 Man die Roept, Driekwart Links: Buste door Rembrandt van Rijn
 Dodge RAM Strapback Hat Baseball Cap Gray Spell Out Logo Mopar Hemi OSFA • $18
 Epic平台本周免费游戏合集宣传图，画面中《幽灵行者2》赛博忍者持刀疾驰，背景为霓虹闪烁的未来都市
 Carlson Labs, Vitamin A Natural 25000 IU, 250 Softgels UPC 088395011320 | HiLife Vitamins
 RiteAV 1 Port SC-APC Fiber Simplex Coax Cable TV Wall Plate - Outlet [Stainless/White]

...

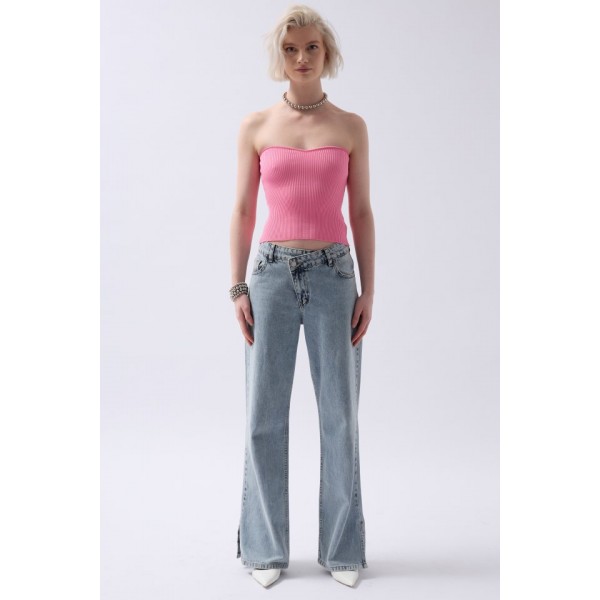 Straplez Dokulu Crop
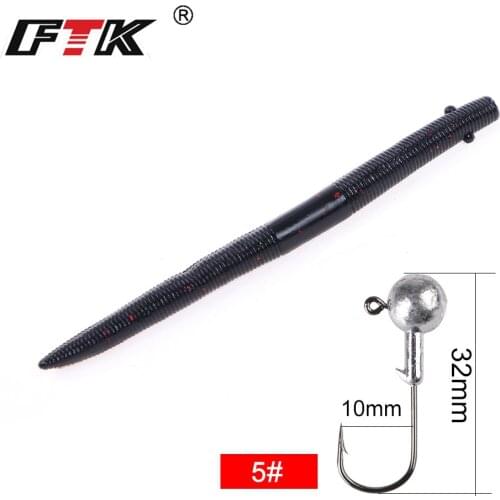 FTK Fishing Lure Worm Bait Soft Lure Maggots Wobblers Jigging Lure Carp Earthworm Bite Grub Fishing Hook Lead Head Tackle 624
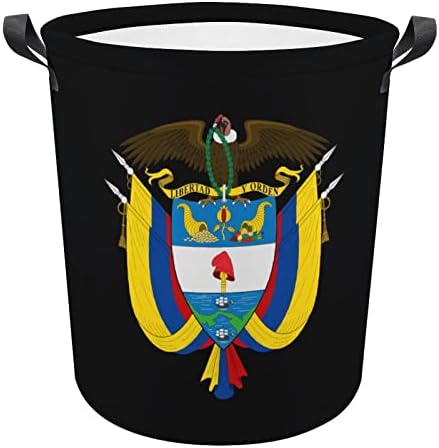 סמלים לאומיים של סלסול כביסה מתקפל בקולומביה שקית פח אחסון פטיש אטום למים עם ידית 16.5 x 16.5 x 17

==

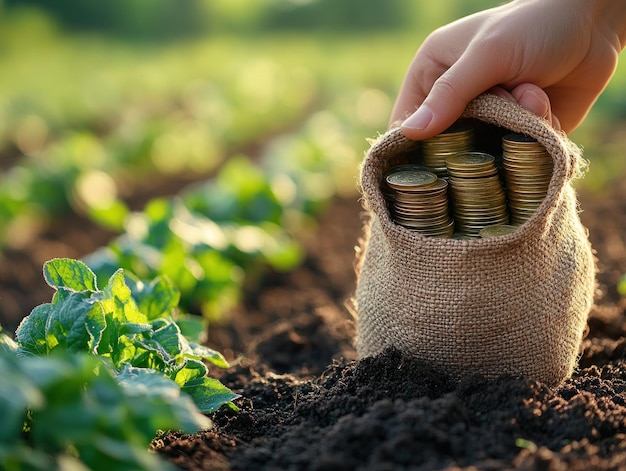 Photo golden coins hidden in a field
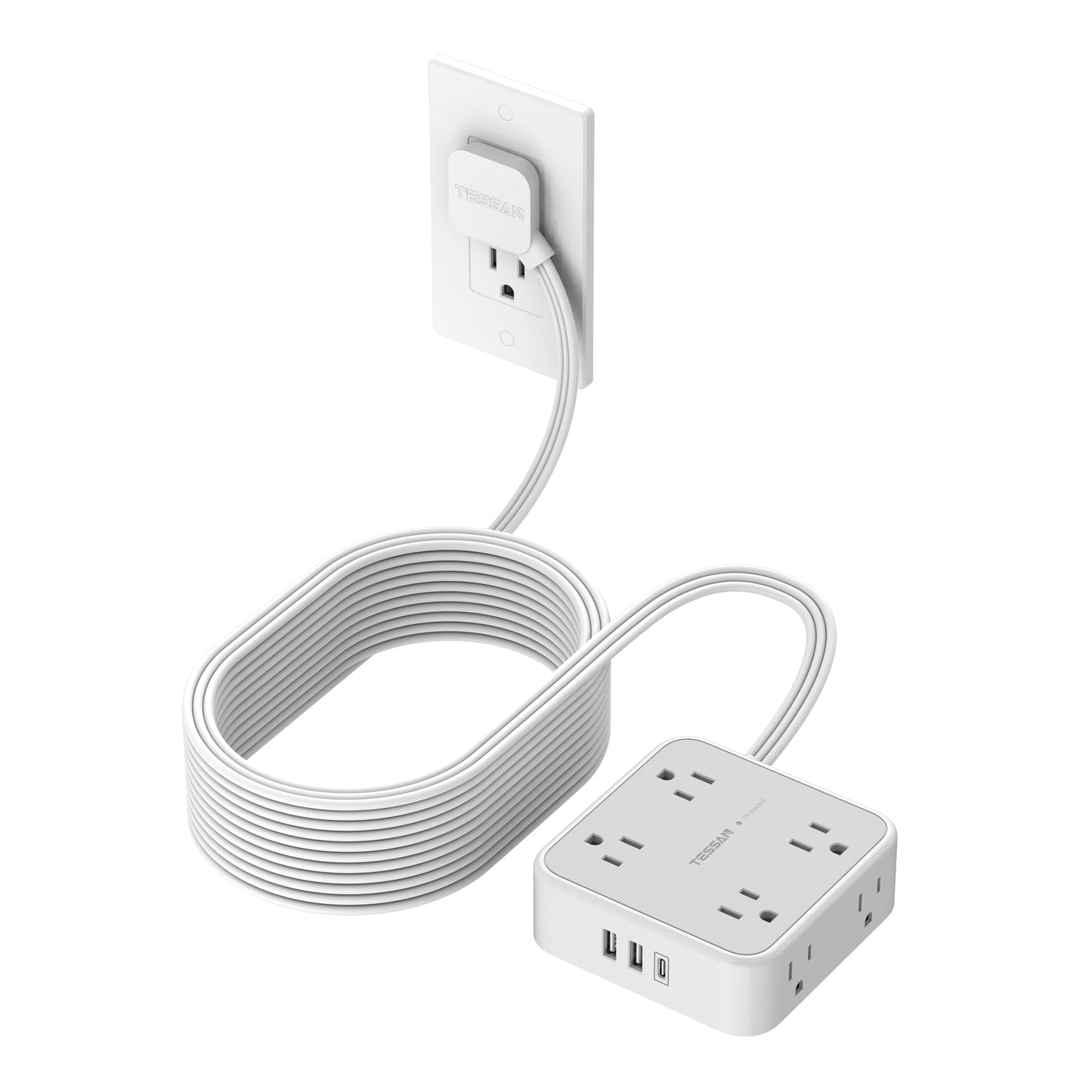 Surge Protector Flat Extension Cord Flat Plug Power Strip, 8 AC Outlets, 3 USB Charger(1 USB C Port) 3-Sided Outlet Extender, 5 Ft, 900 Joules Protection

Your goal ▸
In the listing above, find the line with "Straplez Dokulu Crop" and the line with "סמלים לאומיים של". Output both, plus every line between them, and no pictures.

Solution ▸
 Straplez Dokulu Crop
 FTK Fishing Lure Worm Bait Soft Lure Maggots Wobblers Jigging Lure Carp Earthworm Bite Grub Fishing Hook Lead Head Tackle 624
 סמלים לאומיים של סלסול כביסה מתקפל בקולומביה שקית פח אחסון פטיש אטום למים עם ידית 16.5 x 16.5 x 17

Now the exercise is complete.